What is needed: An exact copy of the data is required; the images should not appear in it.

Brief descriptive captions:
* * *

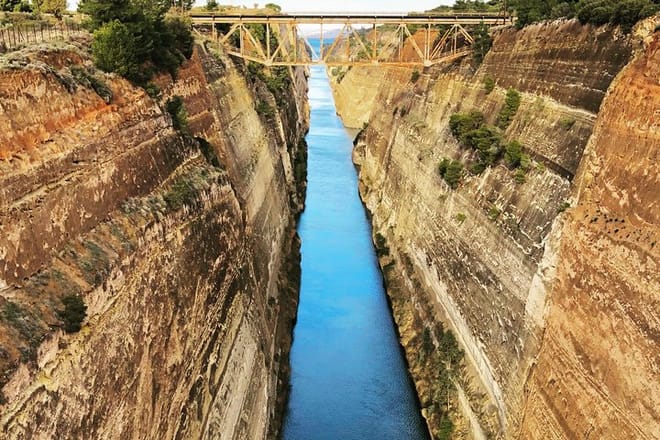 Corinth Canal
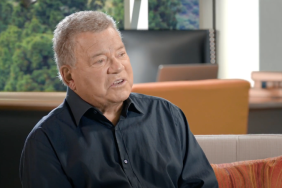 Exclusive A Tear in the Sky Clip Features William Shatner Talking UFOs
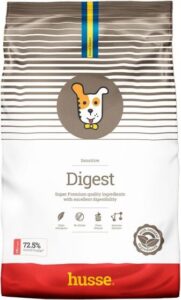 Husse Digest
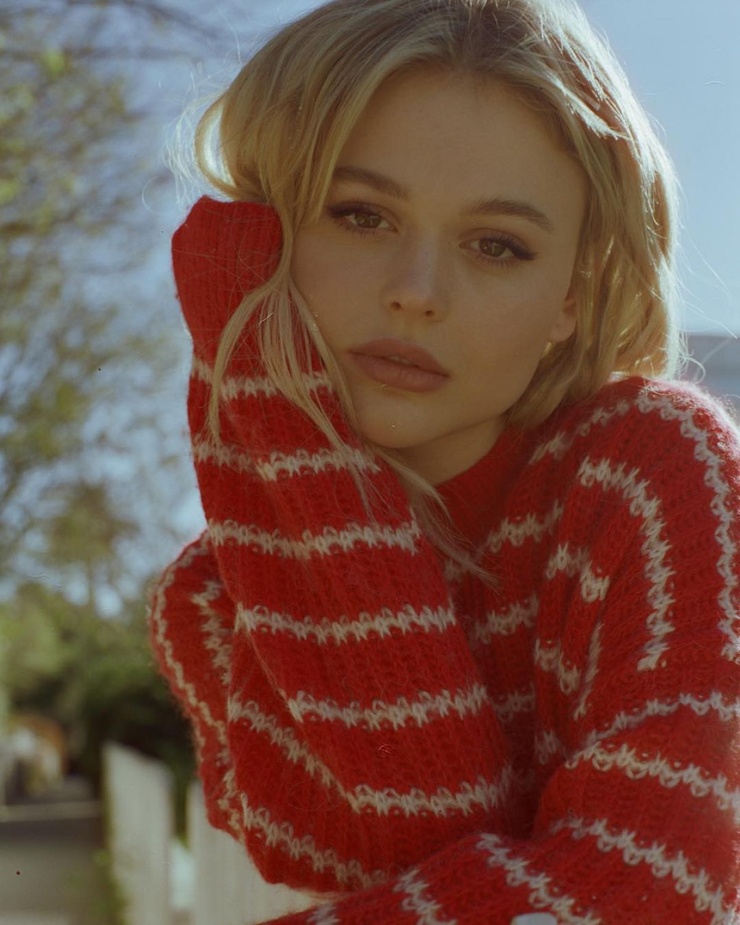 Emily Alyn Lind
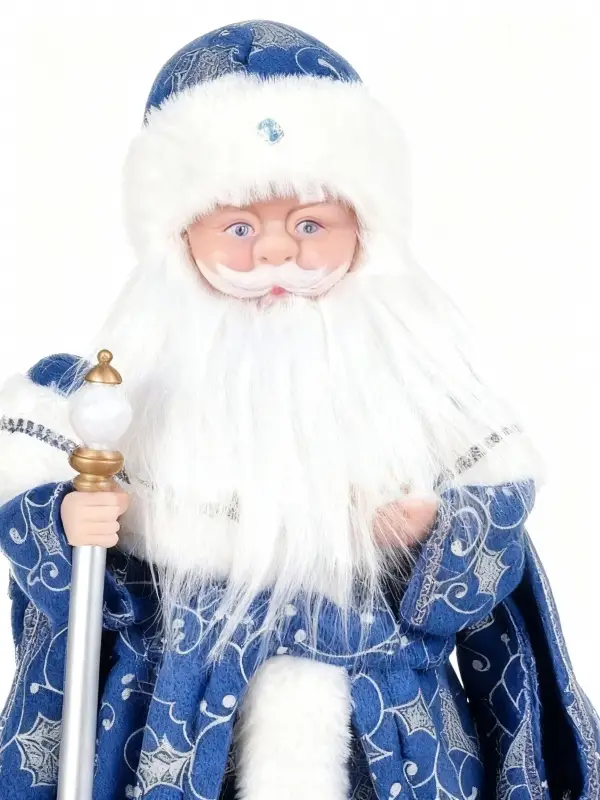 Дед Мороз музыкальный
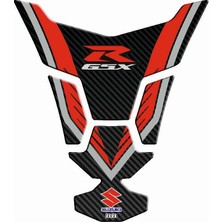 Suzuki Gsx-R Uyumlu Tank Pad 007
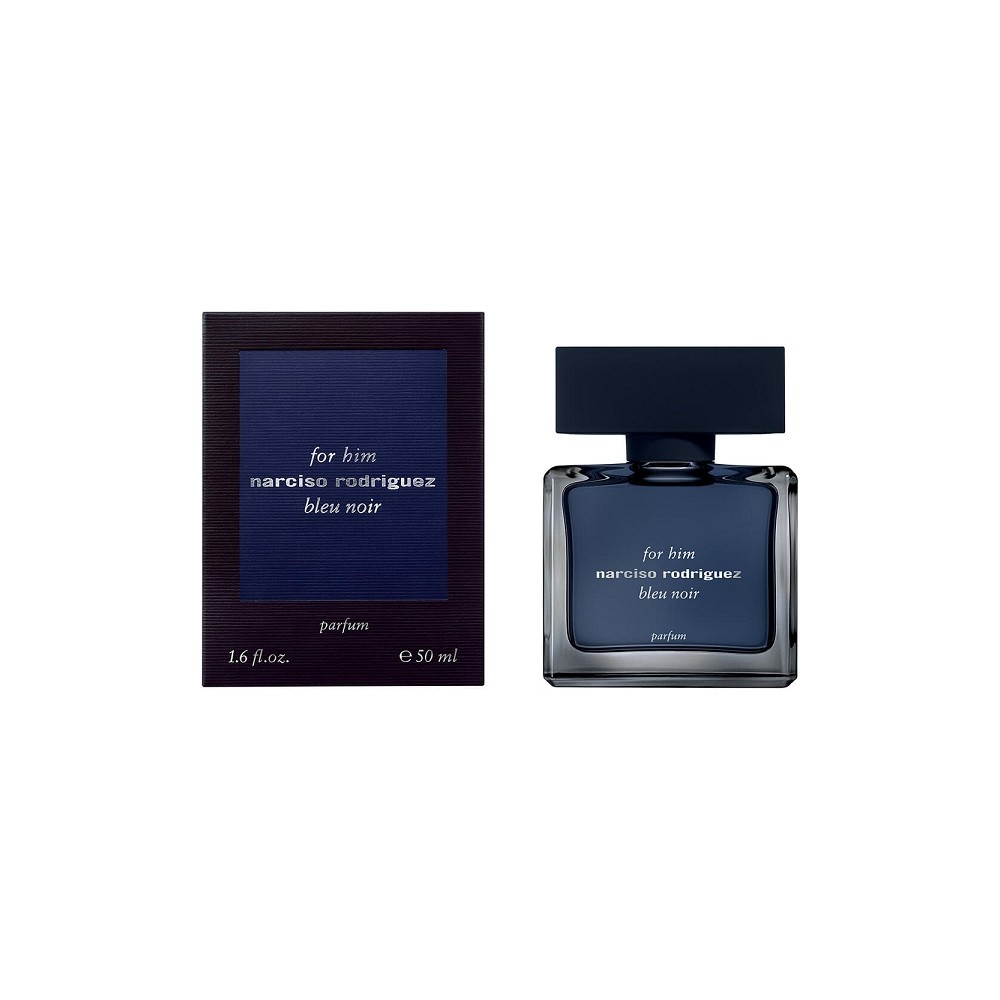 Narciso Rodriguez for Him Bleu Noir Parfum 50ML 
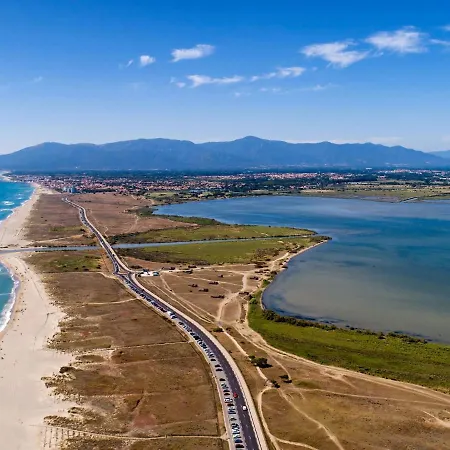 Presqu'ile De La Lagune-3 By Interhome * Saint-Cyprien (Pyrenees-Orientales)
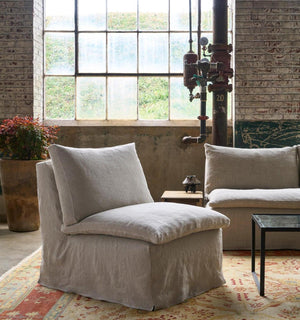 Laguna Armless Chair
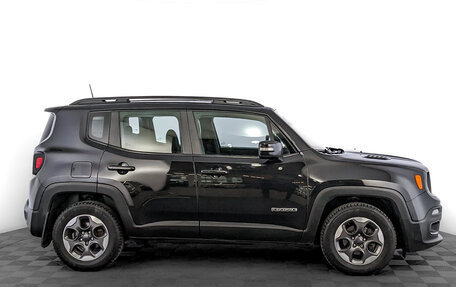 Jeep Renegade I рестайлинг, 2018 год, 1 715 000 рублей, 4 фотография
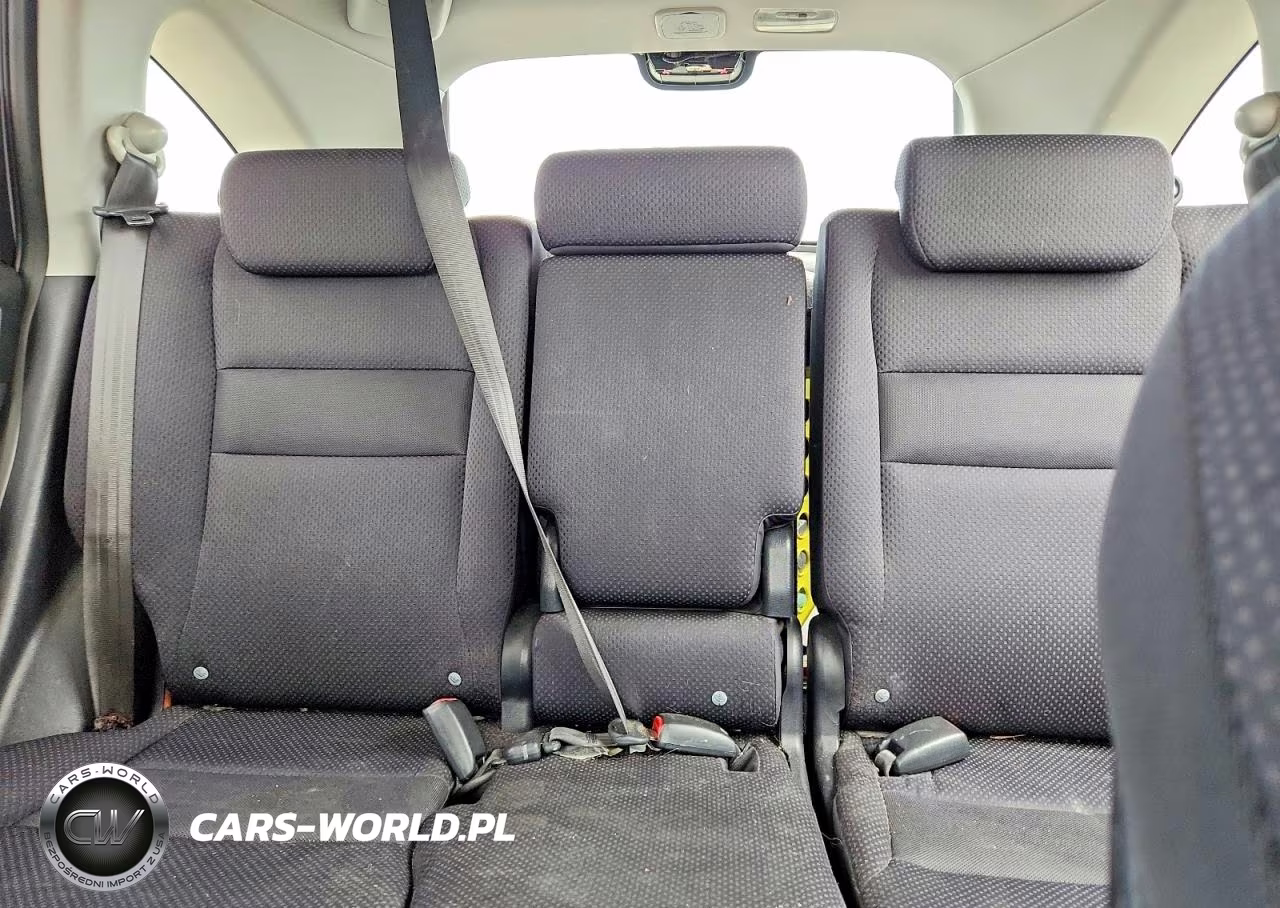 2007 Honda Cr-V Lx VIN:JHLRE48337C046447 - 10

* * *

Task answer:
 Corinth Canal
 Exclusive A Tear in the Sky Clip Features William Shatner Talking UFOs
 Husse Digest
 Emily Alyn Lind
 Дед Мороз музыкальный
 Suzuki Gsx-R Uyumlu Tank Pad 007
 Narciso Rodriguez for Him Bleu Noir Parfum 50ML 
 Presqu'ile De La Lagune-3 By Interhome * Saint-Cyprien (Pyrenees-Orientales)
 Laguna Armless Chair
 Jeep Renegade I рестайлинг, 2018 год, 1 715 000 рублей, 4 фотография
 2007 Honda Cr-V Lx VIN:JHLRE48337C046447 - 10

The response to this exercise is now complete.